It was announced yesterday that the talks between the four parties right of the political centre which began after Norway’s general election on 9 September have concluded that the Conservative Party and the right wing populist Progress Party will begin negotiations to form a minority coalition government, while the two centre-right parties, the Liberal Party and the Christian People’s Party, will not enter the coalition. However, the four parties, who together hold a parliamentary majority, have signed an agreement whereby the Liberal Party and the Christian People’s Party have received certain concessions and the incoming government has agreed to seek parliamentary support from them.

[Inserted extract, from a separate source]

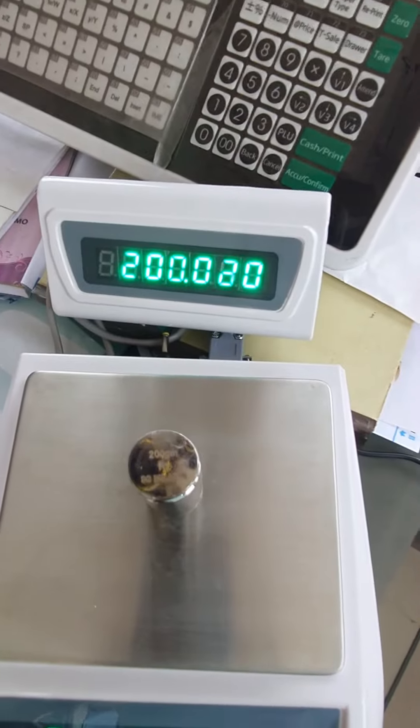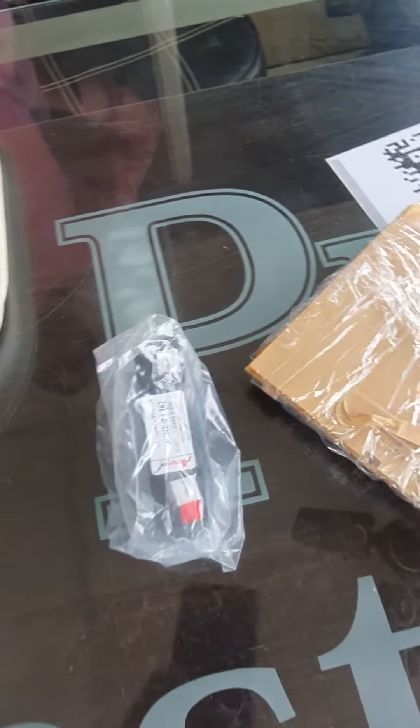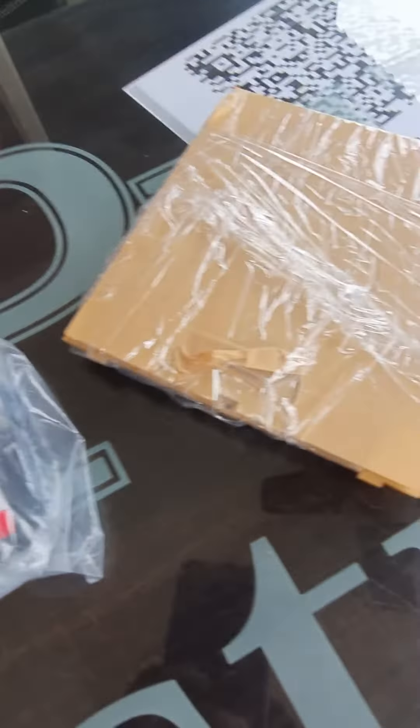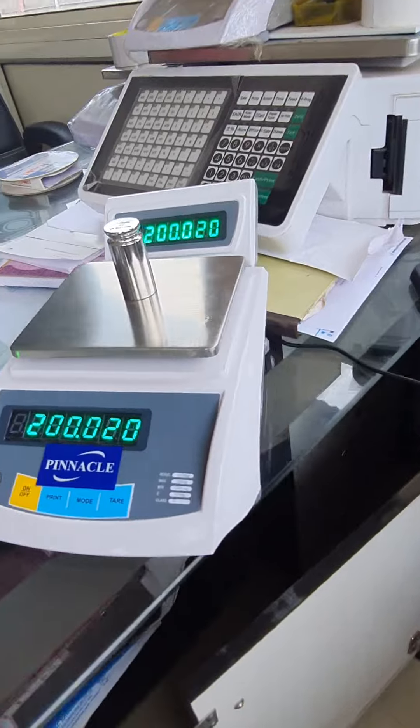We can provide an extra display, KB net, and battery. You can better see the result and the machine.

If the negotiations succeed and lead to the formation of a government it will be the first time in Norwegian history that the Progress Party enters the government offices and indeed one of the few examples of a Conservative party forming a government with the right wing populists.

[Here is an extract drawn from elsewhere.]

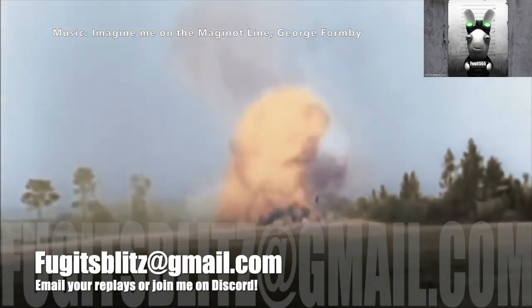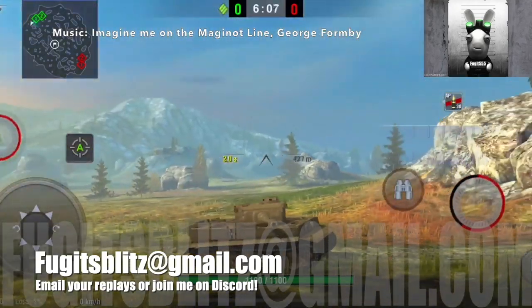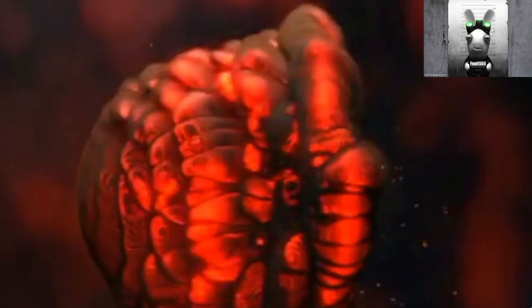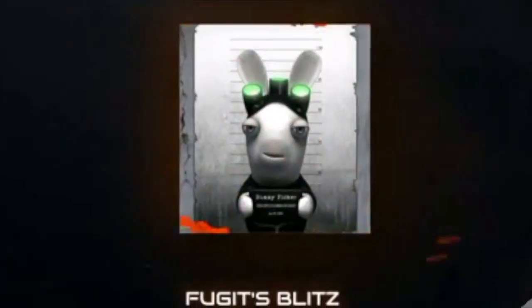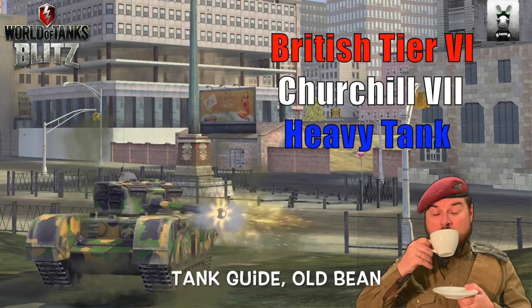You should see me out in France, wearing my tin hat, mid shot and shell. Now imagine me in the Maginot Line, sitting on a mine in the Maginot Line. Awfully glad that you can join us, Old Bean. This is Fujits Blitz, and today we're going to be looking at the Churchill 7, the British tier 6 heavy tank.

The King will open the new Parliament on 9 October. Five days later the outgoing Prime Minister, Jens Stoltenberg, will present the fiscal budget for 2014 and thereafter tender his and his centre-left coalition government’s resignation to the King. The new government will thereafter take office within a few days.
The outcome announced yesterday marks the failure of the preferred strategy of incoming Prime Minister Erna Solberg, leader of the Conservative Party, whose aim was a majority government which included all the four parties right of the political centre. As things stand she will now first have to make compromises to the right with the Progress Party, which on crucial issues have placed itself outside the general political consensus, and when this has been achieved the government will have to make another compromise to the left to find parliamentary support. The next four years will surely not be boring politically.